Prazer, sou Kim
O ditador da Coreia do Norte parece cada vez mais à vontade no papel de dirigente moderno, que anseia por uma aproximação com o mundo lá fora
De repente, sessenta anos de medo, ressentimentos e desconfiança dão a impressão de ter se evaporado. Kim Jong-un, o gorducho e sorridente ditador da Coreia do Norte, e Moon Jae-in, presidente da Coreia do Sul, encontraram-se não uma nem duas, mas três vezes neste ano. Para dois países que quase não se falavam, e quando o faziam era para trocar ameaças, foi um prodígio. Uma gentileza daqui, outra dali, a Coreia do Norte passou a tolerar alguns negócios privados, a troca de atividades esportivas e humanitárias intensificou-se e a reunificação de famílias foi facilitada.
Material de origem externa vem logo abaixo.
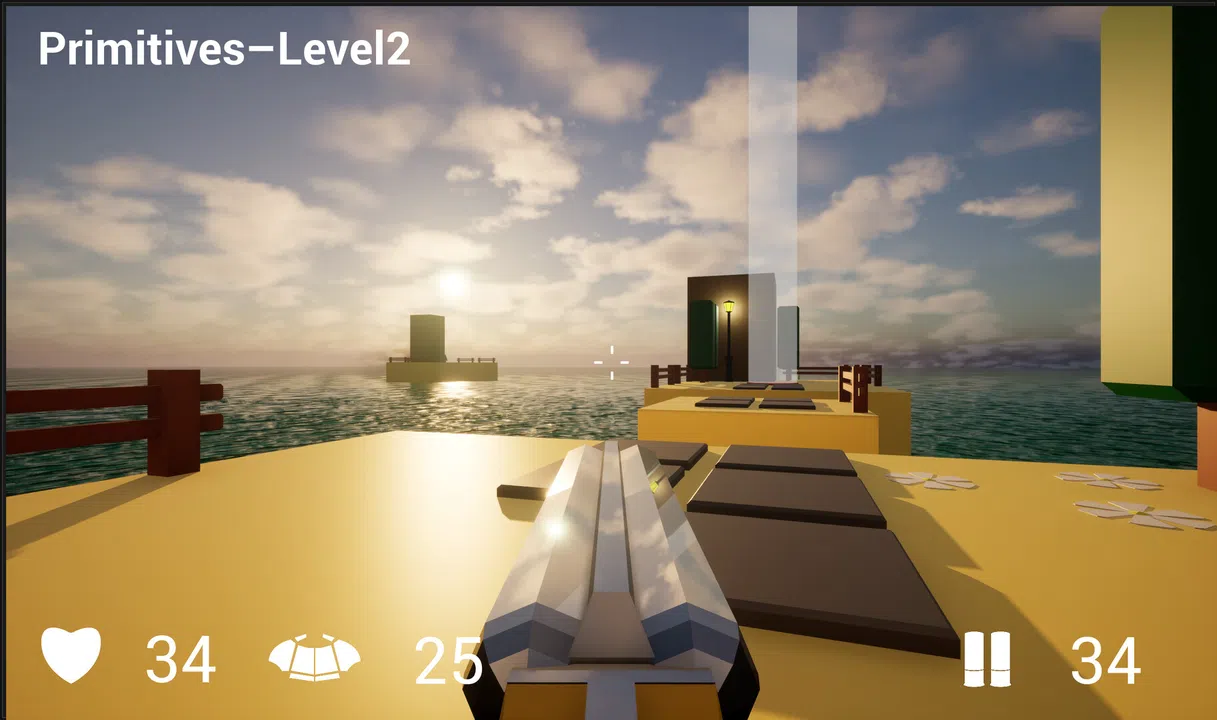 Geo Blaster Screenshot 5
Kim, da terceira geração do clã de “grandes líderes” do Norte, parece cada vez mais à vontade no papel de dirigente moderno, que anseia por uma aproximação com o mundo lá fora. Moon agarra-se à chance de reinstaurar uma convivência pacífica na península cortada ao meio. Os Estados Unidos, detentores da faca e do queijo no conflito, já foram mais otimistas. Desde que Kim saiu do casulo, tomou um avião (ousadia para uma dinastia que só andava de trem) e pousou em Singapura para apertar a mão de Donald Trump em pessoa, em junho passado, a conversa anda malparada.
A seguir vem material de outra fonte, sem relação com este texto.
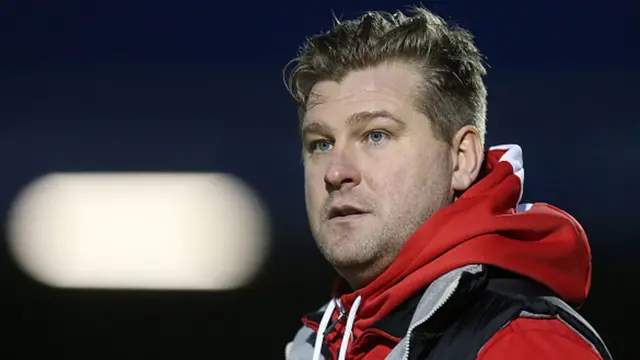 Karl Robinson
A exigência número 1 dos americanos para baixar a guarda e suspender sanções é que a Coreia do Norte abandone seu programa nuclear, mas tudo leva a crer que ele continua a pleno vapor. O requisito número 1 dos norte-coreanos para relaxar o estado de prontidão é ter sua segurança garantida sem meios-termos, mas as baterias americanas voltadas para o Norte e as manobras militares prosseguem. A questão é: quem dará o primeiro passo? Trump continua a achar o pequeno ditador “um cara ótimo”. Moon costura uma visita do papa Francisco a Pyongyang. E Kim? Bem, Kim sorri para todos, com a satisfação de quem mais saiu ganhando até agora.